* **EXERCISE AIM**: Given the records underneath, please repeat exactly the lines from the line with "JF2GPAWC2D2890949 Subaru Xv" through the line with "Լեհաստանի վարչապետը Մակրոնին", passing over any picture.

* **DATA FOR THIS EXERCISE**:
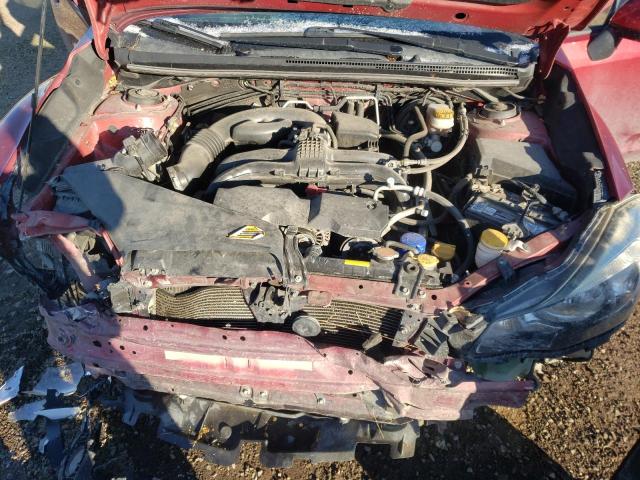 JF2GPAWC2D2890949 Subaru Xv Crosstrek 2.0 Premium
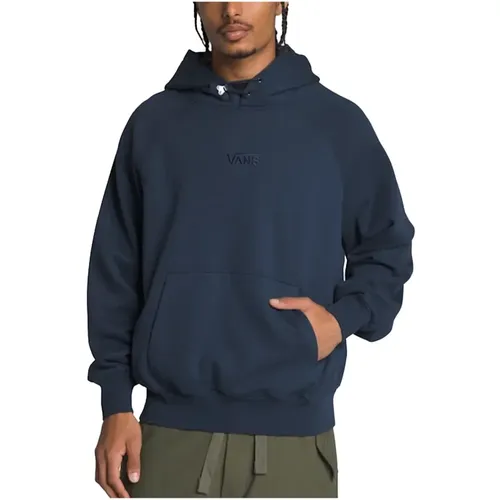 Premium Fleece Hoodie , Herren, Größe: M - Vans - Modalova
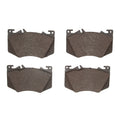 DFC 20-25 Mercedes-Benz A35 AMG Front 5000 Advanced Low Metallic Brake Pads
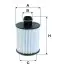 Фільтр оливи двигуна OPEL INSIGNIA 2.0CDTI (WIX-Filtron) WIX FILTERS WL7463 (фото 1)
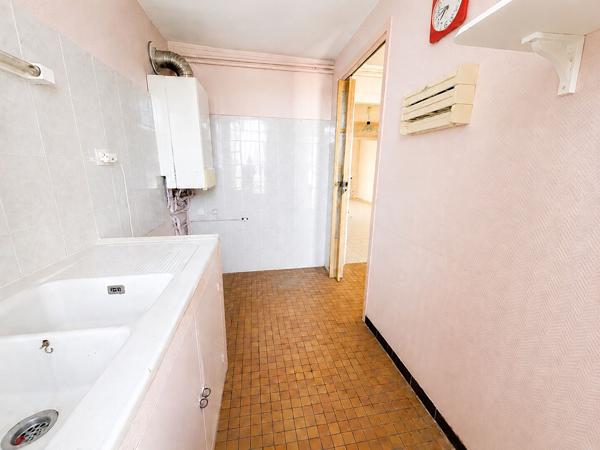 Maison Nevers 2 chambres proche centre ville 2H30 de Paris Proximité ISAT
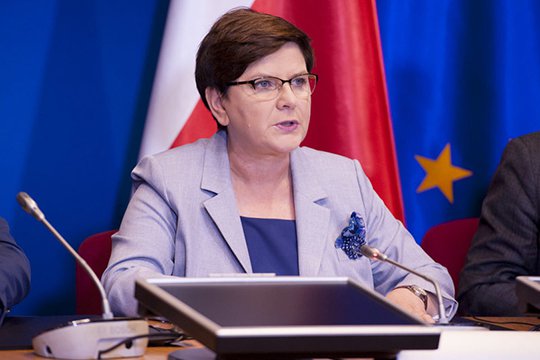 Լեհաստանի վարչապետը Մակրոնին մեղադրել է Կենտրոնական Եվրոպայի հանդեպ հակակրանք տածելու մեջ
* * *
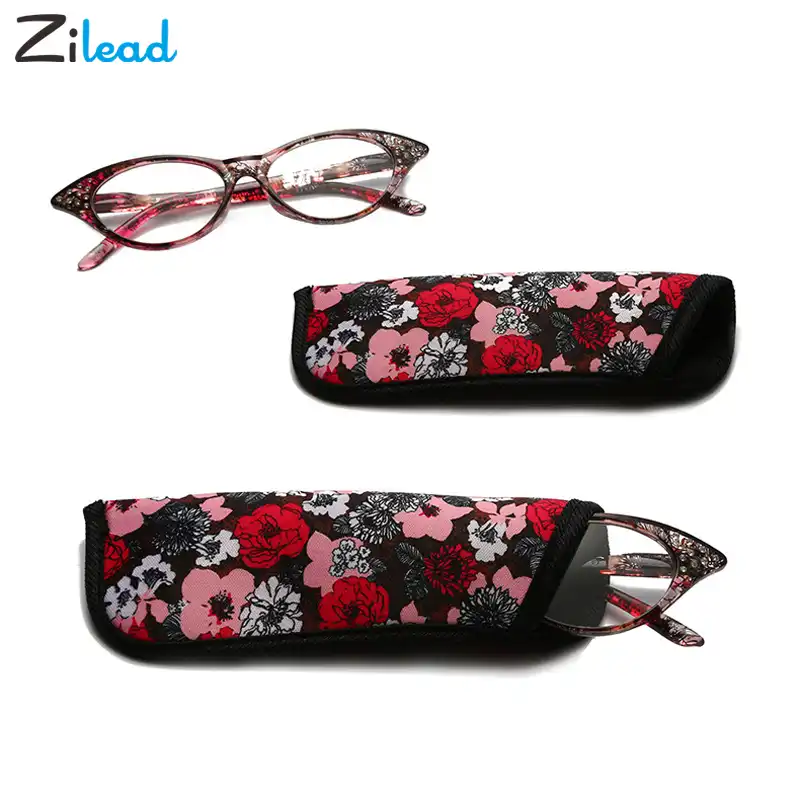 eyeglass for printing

* **ANSWER BOX**:
 JF2GPAWC2D2890949 Subaru Xv Crosstrek 2.0 Premium
 Premium Fleece Hoodie , Herren, Größe: M - Vans - Modalova
 DFC 20-25 Mercedes-Benz A35 AMG Front 5000 Advanced Low Metallic Brake Pads
 Фільтр оливи двигуна OPEL INSIGNIA 2.0CDTI (WIX-Filtron) WIX FILTERS WL7463 (фото 1)
 Maison Nevers 2 chambres proche centre ville 2H30 de Paris Proximité ISAT
 Լեհաստանի վարչապետը Մակրոնին մեղադրել է Կենտրոնական Եվրոպայի հանդեպ հակակրանք տածելու մեջ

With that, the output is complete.